- Opening Delimiter -
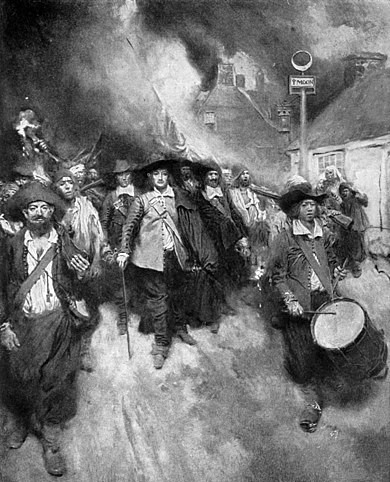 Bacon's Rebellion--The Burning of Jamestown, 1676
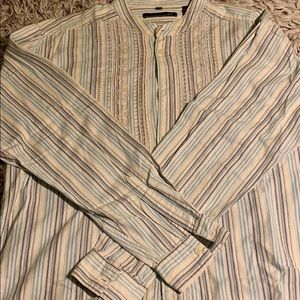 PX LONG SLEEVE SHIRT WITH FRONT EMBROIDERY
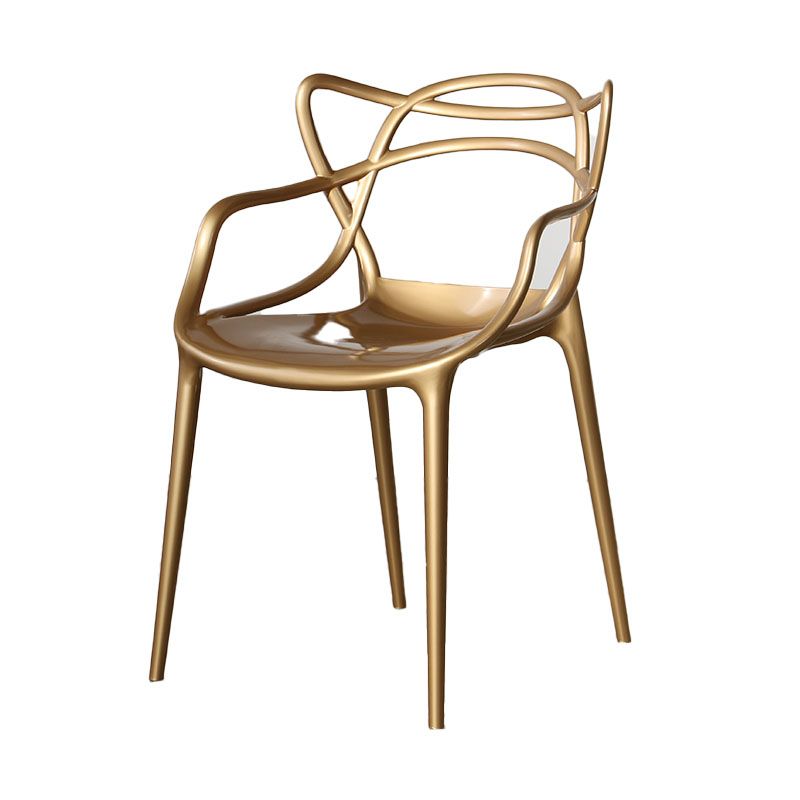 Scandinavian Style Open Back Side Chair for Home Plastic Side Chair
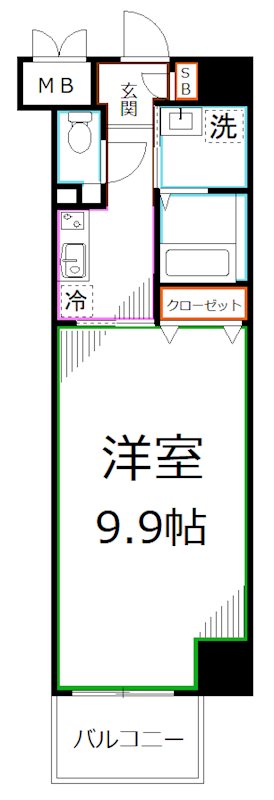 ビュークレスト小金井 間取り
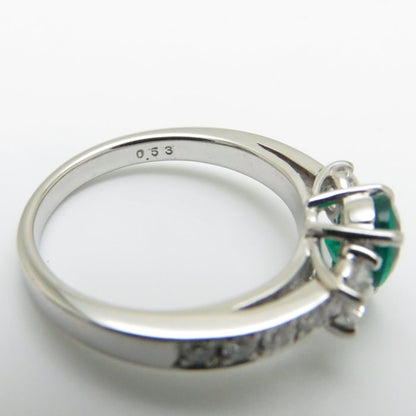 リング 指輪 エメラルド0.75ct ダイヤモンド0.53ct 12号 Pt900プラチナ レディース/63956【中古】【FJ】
- Closing Delimiter -
- Opening Delimiter -
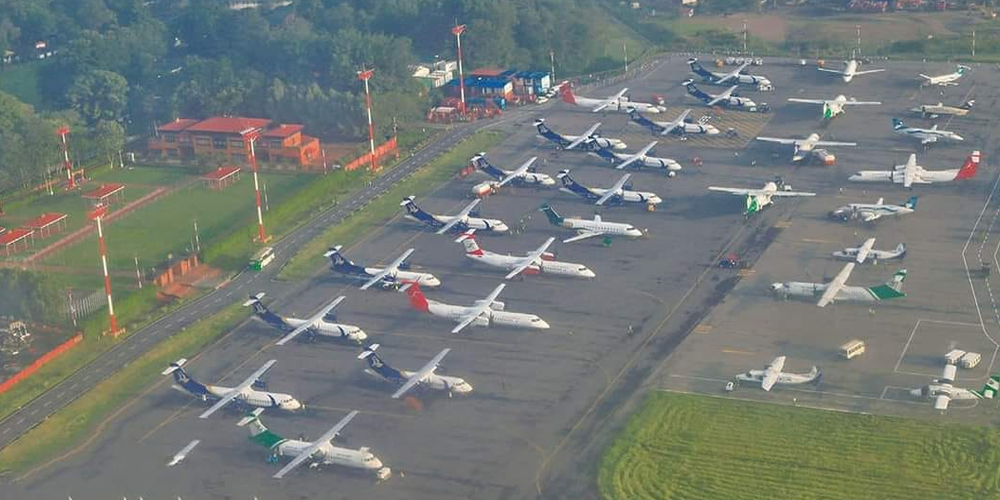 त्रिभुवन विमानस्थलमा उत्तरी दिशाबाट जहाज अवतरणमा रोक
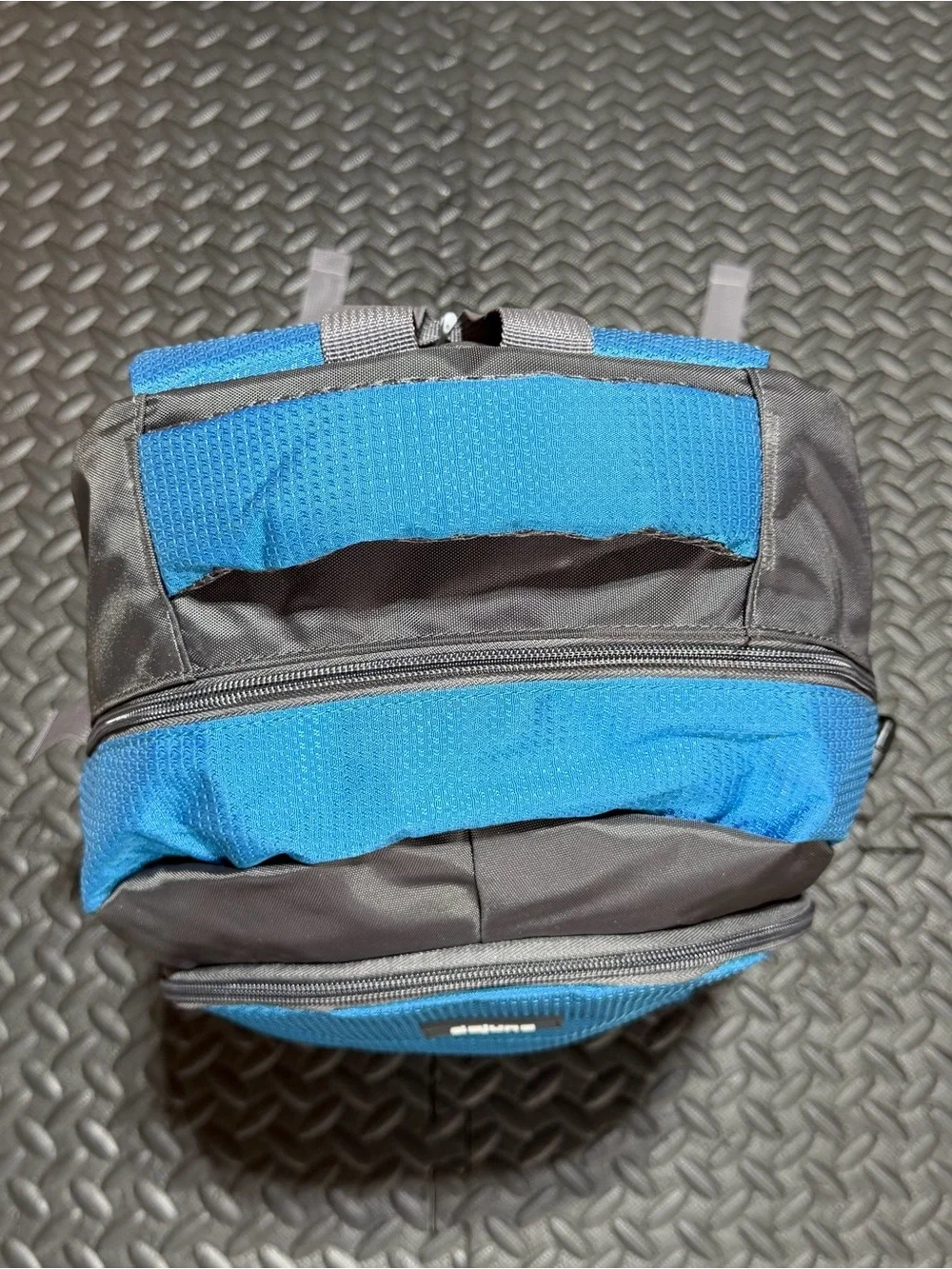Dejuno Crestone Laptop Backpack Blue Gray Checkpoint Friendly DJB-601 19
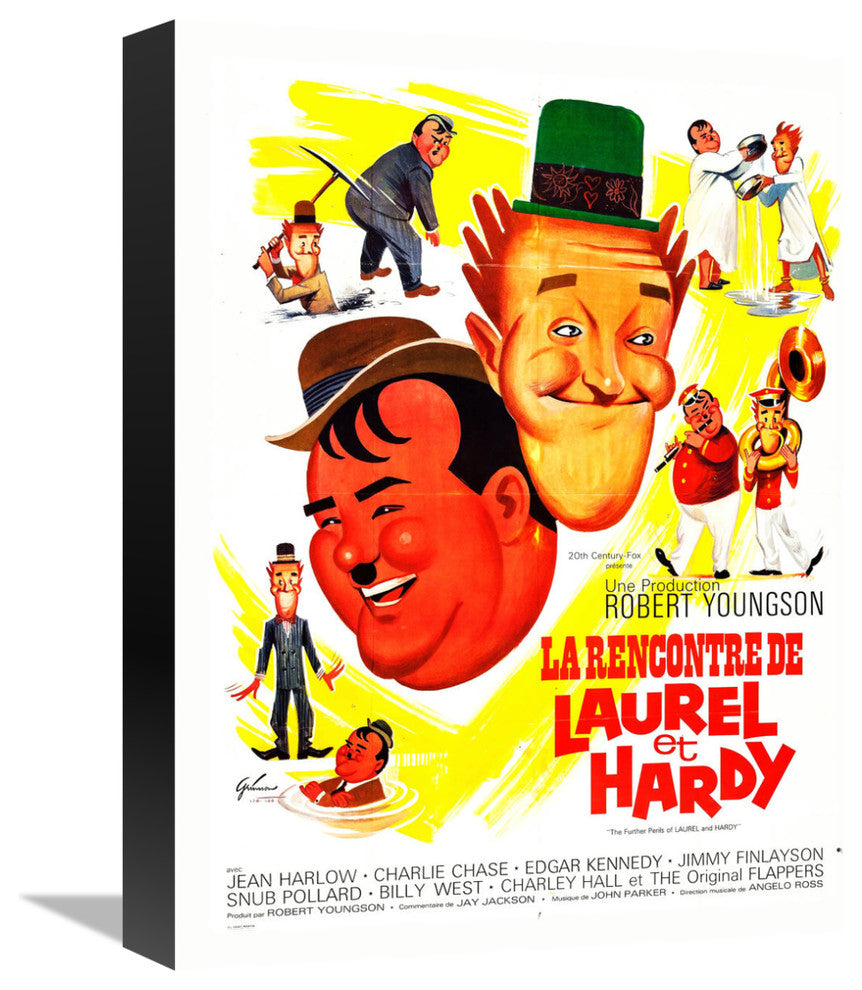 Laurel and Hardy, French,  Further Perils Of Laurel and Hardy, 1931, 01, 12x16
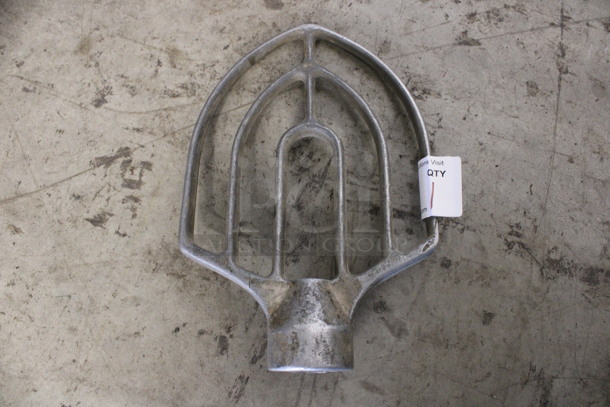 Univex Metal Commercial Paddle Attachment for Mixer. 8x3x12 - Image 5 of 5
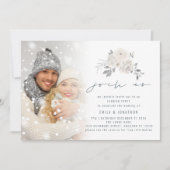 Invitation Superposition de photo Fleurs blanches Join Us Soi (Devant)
- Closing Delimiter -
**Work order**: Repeat, word for word, the lines of the material above from the one holding "त्रिभुवन विमानस्थलमा उत्तरी" through the one holding "Invitation Superposition de". Leave out pictures.

**Solution below**:
 त्रिभुवन विमानस्थलमा उत्तरी दिशाबाट जहाज अवतरणमा रोक
Dejuno Crestone Laptop Backpack Blue Gray Checkpoint Friendly DJB-601 19
 Laurel and Hardy, French,  Further Perils Of Laurel and Hardy, 1931, 01, 12x16
 Univex Metal Commercial Paddle Attachment for Mixer. 8x3x12 - Image 5 of 5
 Invitation Superposition de photo Fleurs blanches Join Us Soi (Devant)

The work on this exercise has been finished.